EXERCISE DESCRIPTION :: Please tally the lines below that contain the string "through" and reply with that figure only.

DATASET EXTRACT ::
▬▬▬▬▬▬▬▬▬▬

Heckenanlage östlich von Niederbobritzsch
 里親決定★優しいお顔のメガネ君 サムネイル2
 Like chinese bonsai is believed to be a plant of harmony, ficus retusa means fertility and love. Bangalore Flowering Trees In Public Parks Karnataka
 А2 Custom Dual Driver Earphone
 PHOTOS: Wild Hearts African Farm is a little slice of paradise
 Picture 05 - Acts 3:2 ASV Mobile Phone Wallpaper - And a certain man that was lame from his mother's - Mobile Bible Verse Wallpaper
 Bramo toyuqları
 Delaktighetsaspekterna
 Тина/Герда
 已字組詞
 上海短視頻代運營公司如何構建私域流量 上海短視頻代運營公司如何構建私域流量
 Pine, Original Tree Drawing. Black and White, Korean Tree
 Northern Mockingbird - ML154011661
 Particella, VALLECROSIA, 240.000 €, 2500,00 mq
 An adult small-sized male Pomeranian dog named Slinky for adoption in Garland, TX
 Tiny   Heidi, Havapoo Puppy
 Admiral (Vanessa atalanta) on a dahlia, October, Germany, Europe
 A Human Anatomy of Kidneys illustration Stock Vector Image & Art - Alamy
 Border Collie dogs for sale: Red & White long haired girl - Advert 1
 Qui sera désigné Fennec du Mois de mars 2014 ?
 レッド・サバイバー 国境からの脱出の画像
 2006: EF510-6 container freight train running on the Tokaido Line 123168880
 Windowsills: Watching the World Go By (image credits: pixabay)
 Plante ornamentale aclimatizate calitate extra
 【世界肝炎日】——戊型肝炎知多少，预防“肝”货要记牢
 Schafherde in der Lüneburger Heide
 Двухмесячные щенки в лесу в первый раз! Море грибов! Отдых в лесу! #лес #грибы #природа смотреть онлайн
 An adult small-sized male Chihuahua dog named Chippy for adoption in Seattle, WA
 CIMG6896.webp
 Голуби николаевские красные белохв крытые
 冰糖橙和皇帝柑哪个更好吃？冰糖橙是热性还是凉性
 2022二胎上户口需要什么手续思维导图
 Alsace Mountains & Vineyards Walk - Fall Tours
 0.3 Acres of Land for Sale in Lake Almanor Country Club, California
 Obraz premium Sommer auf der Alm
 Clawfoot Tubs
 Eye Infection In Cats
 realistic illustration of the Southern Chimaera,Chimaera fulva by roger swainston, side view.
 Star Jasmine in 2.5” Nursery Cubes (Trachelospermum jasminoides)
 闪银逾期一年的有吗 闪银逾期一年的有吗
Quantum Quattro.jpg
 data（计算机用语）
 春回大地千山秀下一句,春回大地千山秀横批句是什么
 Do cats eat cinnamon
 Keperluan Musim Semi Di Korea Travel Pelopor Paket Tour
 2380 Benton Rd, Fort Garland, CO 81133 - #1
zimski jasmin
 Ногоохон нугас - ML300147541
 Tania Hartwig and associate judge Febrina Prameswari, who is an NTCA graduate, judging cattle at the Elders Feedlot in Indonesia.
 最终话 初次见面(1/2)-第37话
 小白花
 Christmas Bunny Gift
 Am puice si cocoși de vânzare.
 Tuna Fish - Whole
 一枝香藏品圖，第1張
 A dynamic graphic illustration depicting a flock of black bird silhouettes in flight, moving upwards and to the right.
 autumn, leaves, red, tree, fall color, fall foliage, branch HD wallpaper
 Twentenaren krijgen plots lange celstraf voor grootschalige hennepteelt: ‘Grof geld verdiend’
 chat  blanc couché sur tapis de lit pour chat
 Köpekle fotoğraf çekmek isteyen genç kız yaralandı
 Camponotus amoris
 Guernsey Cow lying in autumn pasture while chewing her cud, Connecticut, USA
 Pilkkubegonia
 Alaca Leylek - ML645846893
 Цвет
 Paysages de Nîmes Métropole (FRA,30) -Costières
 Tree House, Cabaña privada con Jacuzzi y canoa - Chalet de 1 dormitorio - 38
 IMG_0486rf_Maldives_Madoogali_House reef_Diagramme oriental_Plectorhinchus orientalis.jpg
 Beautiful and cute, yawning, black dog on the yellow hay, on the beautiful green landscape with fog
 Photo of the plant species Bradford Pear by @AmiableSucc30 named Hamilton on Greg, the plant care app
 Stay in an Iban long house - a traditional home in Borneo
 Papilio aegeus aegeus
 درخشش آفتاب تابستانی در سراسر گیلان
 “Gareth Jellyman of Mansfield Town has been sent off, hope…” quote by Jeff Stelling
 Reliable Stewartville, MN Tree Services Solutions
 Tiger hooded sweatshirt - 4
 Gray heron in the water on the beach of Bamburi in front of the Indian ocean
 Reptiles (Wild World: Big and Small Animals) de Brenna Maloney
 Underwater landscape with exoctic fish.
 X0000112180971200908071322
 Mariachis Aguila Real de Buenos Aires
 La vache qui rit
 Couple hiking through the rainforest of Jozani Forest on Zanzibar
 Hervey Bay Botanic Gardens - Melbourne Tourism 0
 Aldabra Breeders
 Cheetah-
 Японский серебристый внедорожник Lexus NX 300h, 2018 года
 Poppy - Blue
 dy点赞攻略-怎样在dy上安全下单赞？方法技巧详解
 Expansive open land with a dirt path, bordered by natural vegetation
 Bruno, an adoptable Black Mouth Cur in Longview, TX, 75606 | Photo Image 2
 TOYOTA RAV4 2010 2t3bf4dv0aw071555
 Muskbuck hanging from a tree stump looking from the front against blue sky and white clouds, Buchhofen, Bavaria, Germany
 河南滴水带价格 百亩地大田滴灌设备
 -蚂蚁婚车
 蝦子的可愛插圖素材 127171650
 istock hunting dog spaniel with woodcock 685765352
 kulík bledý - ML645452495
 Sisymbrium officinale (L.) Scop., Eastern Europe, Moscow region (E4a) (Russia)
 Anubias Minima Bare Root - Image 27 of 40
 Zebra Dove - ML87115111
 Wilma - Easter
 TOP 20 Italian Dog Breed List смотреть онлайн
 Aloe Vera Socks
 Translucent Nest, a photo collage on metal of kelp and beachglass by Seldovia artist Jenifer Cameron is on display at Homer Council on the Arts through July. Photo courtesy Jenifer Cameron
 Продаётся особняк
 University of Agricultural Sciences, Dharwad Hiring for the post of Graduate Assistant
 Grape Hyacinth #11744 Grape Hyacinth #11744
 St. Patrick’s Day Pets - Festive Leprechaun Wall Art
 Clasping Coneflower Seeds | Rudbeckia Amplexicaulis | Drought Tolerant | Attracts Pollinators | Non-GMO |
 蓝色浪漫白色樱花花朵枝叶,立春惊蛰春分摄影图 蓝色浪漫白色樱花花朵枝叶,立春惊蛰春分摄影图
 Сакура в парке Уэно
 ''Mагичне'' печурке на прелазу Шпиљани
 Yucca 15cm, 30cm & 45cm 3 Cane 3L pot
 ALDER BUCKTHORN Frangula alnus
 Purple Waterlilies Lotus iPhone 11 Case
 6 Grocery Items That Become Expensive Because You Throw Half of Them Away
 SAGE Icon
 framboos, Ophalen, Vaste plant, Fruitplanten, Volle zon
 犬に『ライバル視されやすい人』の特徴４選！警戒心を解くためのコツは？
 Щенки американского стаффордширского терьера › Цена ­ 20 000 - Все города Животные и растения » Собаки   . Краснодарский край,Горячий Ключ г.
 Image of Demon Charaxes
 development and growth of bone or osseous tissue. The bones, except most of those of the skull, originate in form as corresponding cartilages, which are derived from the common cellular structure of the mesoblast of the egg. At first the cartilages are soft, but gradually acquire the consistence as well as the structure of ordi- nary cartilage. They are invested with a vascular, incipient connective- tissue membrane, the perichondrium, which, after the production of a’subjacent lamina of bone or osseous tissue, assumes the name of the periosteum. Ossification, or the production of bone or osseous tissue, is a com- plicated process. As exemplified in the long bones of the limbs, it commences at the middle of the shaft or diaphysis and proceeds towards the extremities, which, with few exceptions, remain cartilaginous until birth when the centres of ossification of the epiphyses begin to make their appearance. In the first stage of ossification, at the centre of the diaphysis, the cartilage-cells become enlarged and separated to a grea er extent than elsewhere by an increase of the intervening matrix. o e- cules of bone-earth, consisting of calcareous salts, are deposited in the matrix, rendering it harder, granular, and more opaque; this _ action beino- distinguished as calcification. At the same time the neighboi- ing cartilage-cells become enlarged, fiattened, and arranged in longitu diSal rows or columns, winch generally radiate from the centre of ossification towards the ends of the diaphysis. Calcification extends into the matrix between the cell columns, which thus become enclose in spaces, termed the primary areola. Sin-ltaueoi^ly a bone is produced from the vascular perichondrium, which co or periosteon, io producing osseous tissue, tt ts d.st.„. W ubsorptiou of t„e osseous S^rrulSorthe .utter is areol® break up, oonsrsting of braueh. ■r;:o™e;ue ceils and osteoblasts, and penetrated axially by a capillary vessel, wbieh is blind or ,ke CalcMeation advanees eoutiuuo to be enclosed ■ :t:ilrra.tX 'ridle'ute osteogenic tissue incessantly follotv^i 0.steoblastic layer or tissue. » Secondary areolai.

▬▬▬▬▬▬▬▬▬▬

EXERCISE OUTPUT :: 2